New BIG SCARY SHOW is now online!

Episode 70

Well, once again the holiday (2nd to Halloween) is upon us. Some of us got coal in our stockings, others got neat Halloween stuff, and the rest of us probably suffered the wrath of the Krampus.

Badger has a fireside chat with Hector Turner and brings us the latest Deadline News. Storm rants on about something so obvious, we seem to forget. It will all make sense, in a Haunt Minute.
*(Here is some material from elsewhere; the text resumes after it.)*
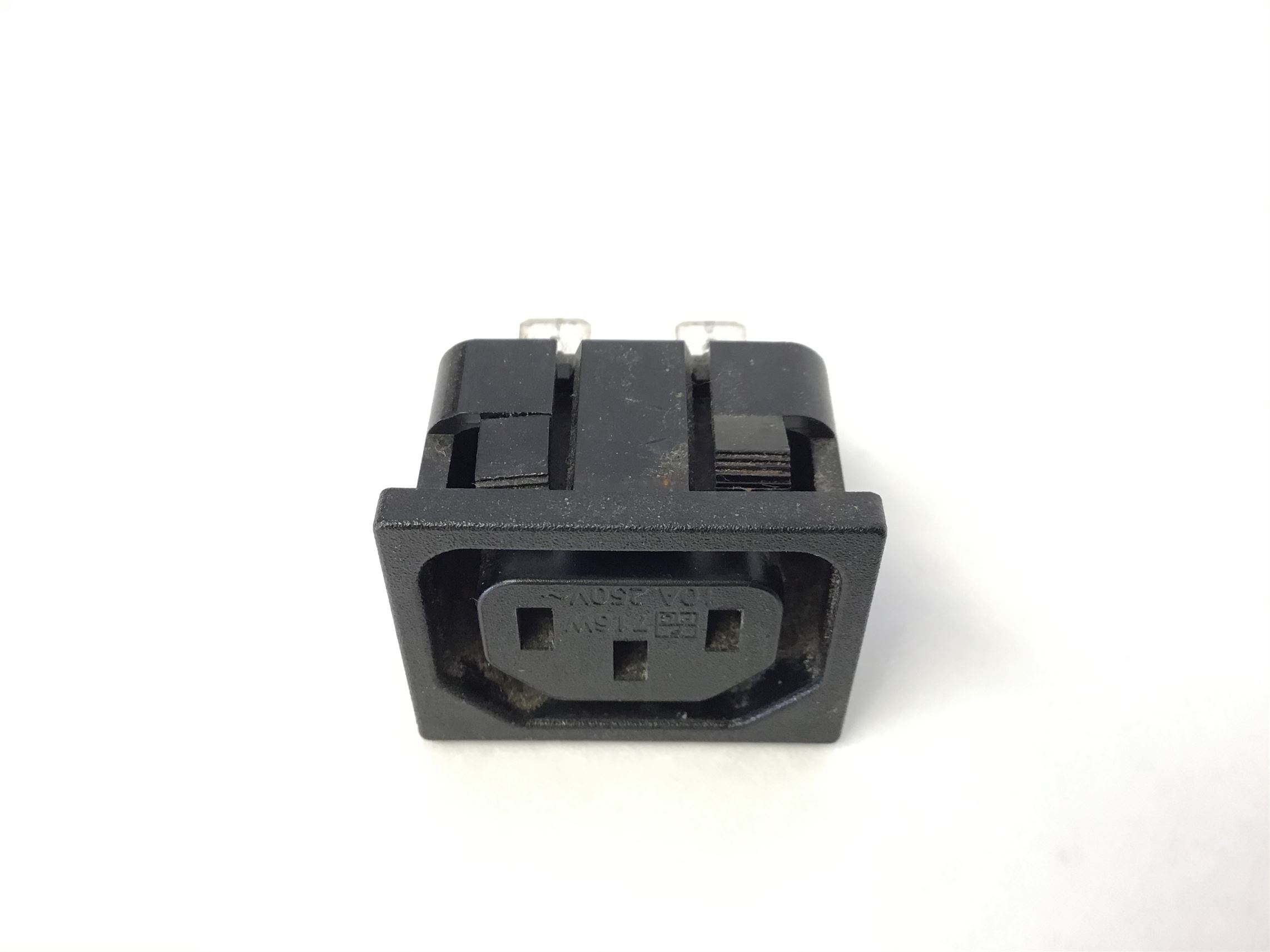 IEC Auxiliary AC Outlet Module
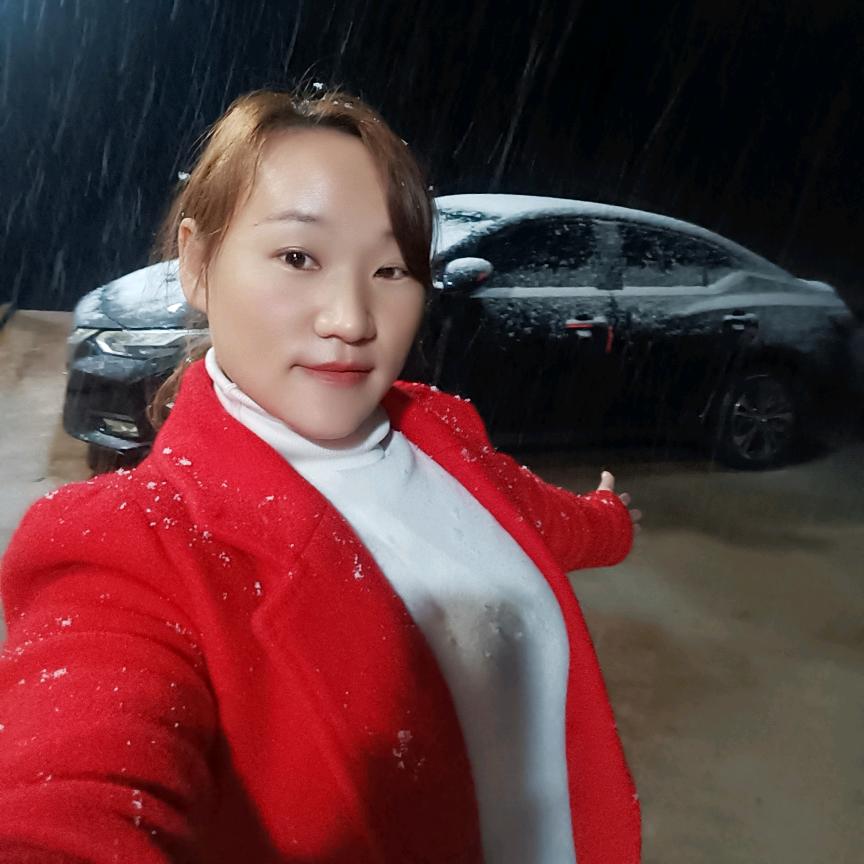 琪琪妈晚上8点十分开起首播🎙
The Unknown Scare-Actor makes you face your fears in an updated recording of his timeless classic, “Twas the Fright Before Xmas”. Jerry “DJ Spooky” spins some extra tunes for the holiday season.

Finally, the Roundtable of Terror talks Christmas Haunts, and the potential for other Holiday Haunts throughout the year with Allen Hopps of Dark Hour and Jim Millspaugh of Scream Acres Ct.

We hid the body, but you will become and accomplice, just by listening to

The BIG SCARY SHOW 

Featured Music:
Jerry Vayne – From All of Us to All of You
King Diamond – No presents for Christmas
Michael Gaither – The Krampus Comes Out Tonight
Twisted Sister/Lita Ford – I’ll Be Home for Christmas
Wednesday 13 – Buried by Christmas

www.bigscaryshow.com


----------



## lilybones (Sep 30, 2012)

Hell yeah! Thanks for the heads up. I actually just did an interview with Allen for a magazine piece. I guess he's been busy! (That's no surprise.)


----------